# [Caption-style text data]
————

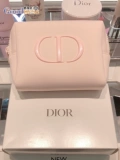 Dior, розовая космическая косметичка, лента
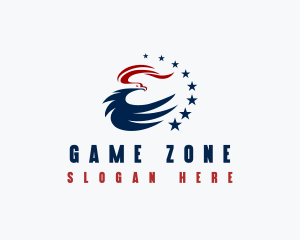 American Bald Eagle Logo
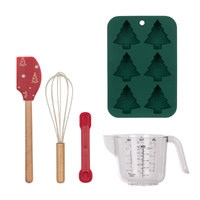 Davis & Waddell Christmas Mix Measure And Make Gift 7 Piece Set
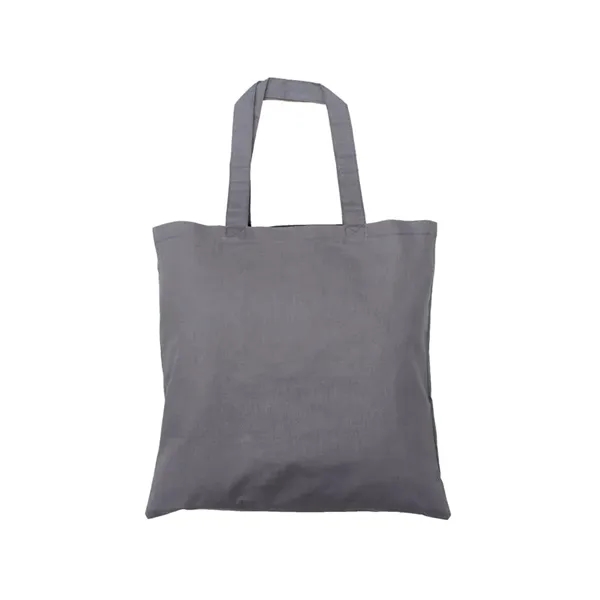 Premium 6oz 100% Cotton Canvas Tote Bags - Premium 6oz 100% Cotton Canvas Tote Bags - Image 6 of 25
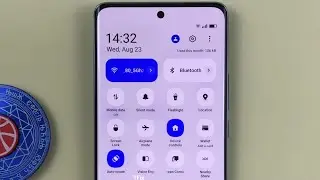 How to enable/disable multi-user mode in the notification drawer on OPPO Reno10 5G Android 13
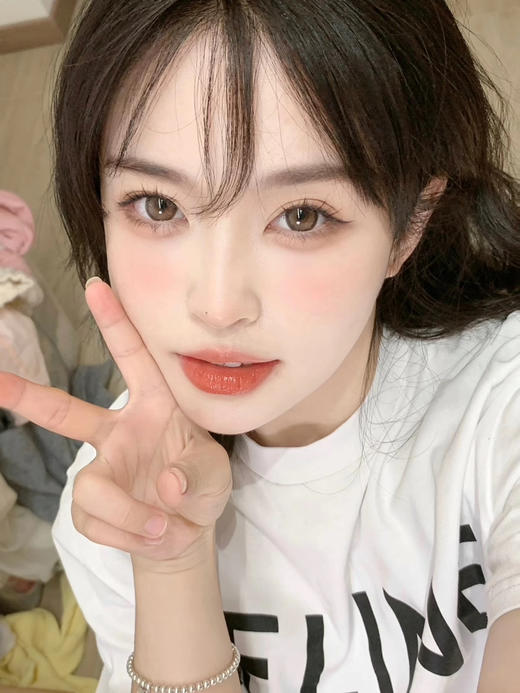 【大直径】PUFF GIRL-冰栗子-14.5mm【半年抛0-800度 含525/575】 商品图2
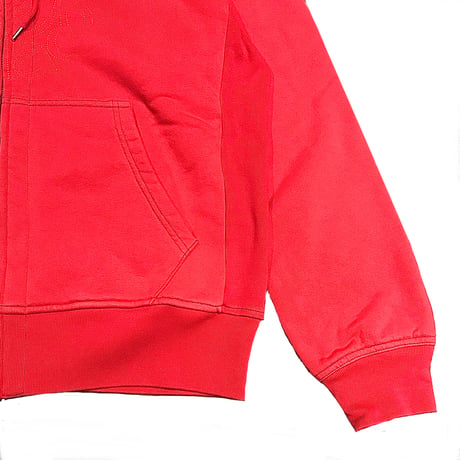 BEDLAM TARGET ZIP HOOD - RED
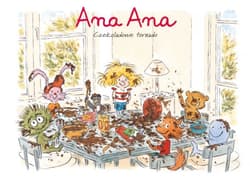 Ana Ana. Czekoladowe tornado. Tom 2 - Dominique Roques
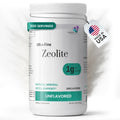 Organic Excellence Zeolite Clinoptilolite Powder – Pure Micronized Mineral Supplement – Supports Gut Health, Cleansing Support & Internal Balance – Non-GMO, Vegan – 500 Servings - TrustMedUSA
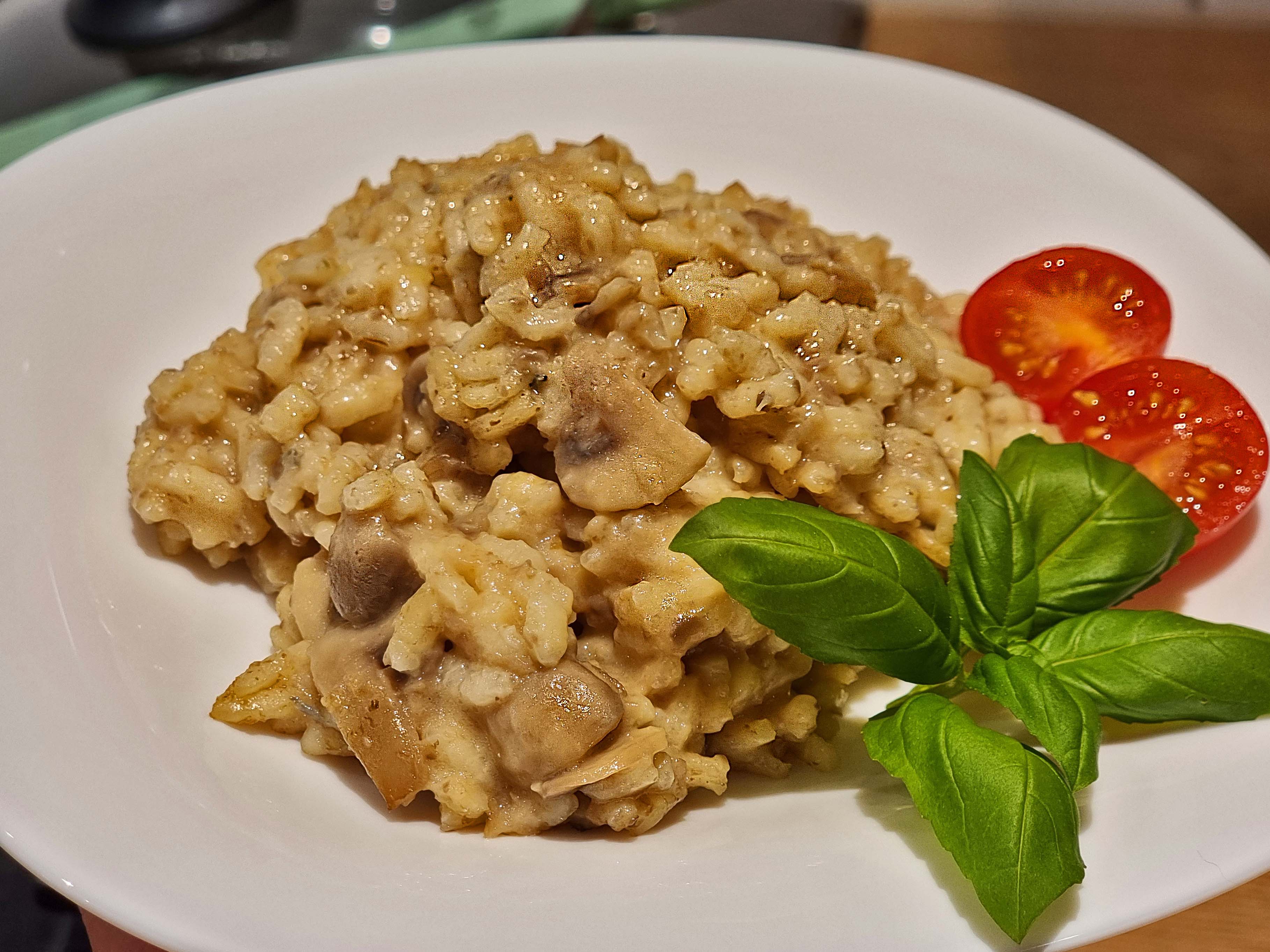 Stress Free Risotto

————

# [ASSIGNMENT]
Leaving out every picture, copy exactly the lines from the one that contains "How to enable/disable" through the end of the entries above.

# [COMPLETED TASK]
 How to enable/disable multi-user mode in the notification drawer on OPPO Reno10 5G Android 13
 【大直径】PUFF GIRL-冰栗子-14.5mm【半年抛0-800度 含525/575】 商品图2
 BEDLAM TARGET ZIP HOOD - RED
 Ana Ana. Czekoladowe tornado. Tom 2 - Dominique Roques
 Organic Excellence Zeolite Clinoptilolite Powder – Pure Micronized Mineral Supplement – Supports Gut Health, Cleansing Support & Internal Balance – Non-GMO, Vegan – 500 Servings - TrustMedUSA
 Stress Free Risotto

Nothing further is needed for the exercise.